◆ Information provided:
────────────────────────────────────────

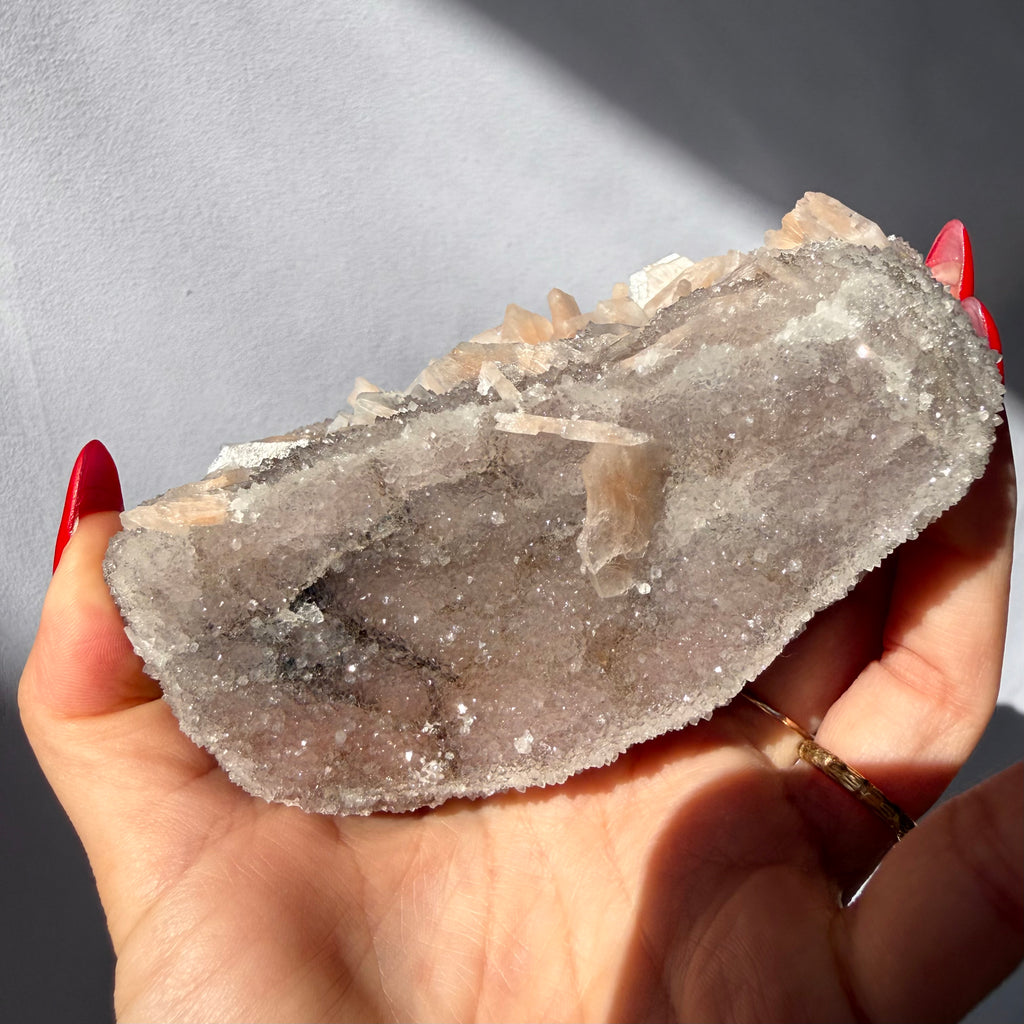 Heulandite On Blush Chalcedony Freeform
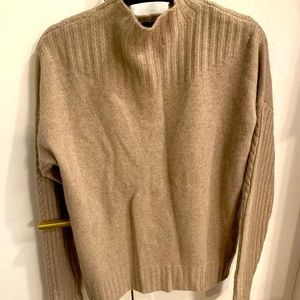 Marled mock neck light brown 100% cashmere sweater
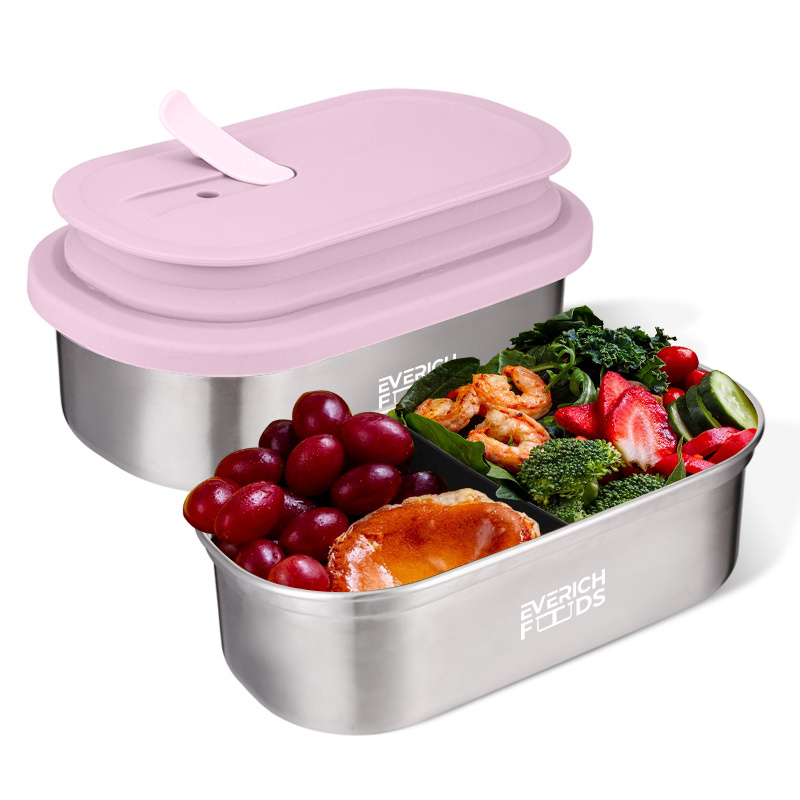 2023 ODM New design Retractable bento lunch box Food  Container bpa free eco-friendly stainless steel lunch box with silicon lid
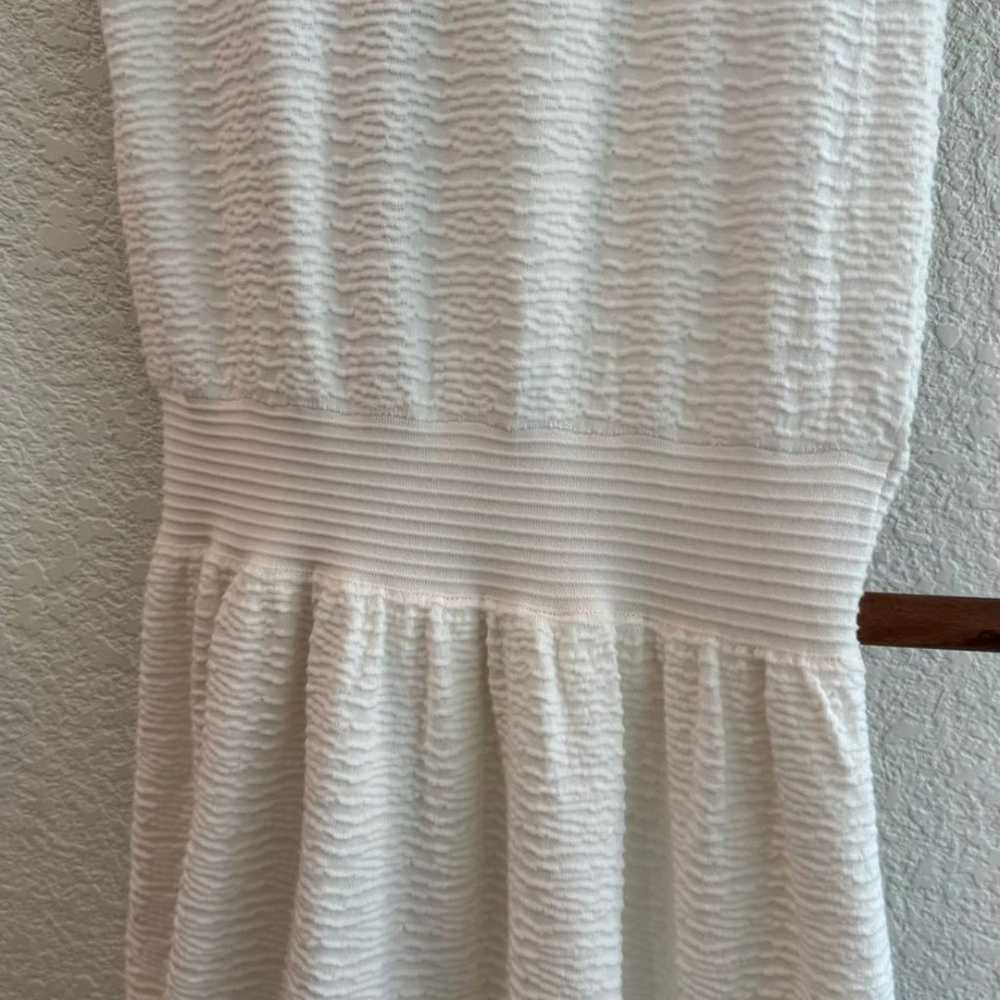 SANDRO Textured Knit Short Sleeve Dress Silver St… - image 5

────────────────────────────────────────

◆ Task to complete:
From the line containing "2023 ODM New" down to the last line of the data above, transcribe exactly those lines and no others; omit the pictures.

◆ Worked solution:
 2023 ODM New design Retractable bento lunch box Food  Container bpa free eco-friendly stainless steel lunch box with silicon lid
 SANDRO Textured Knit Short Sleeve Dress Silver St… - image 5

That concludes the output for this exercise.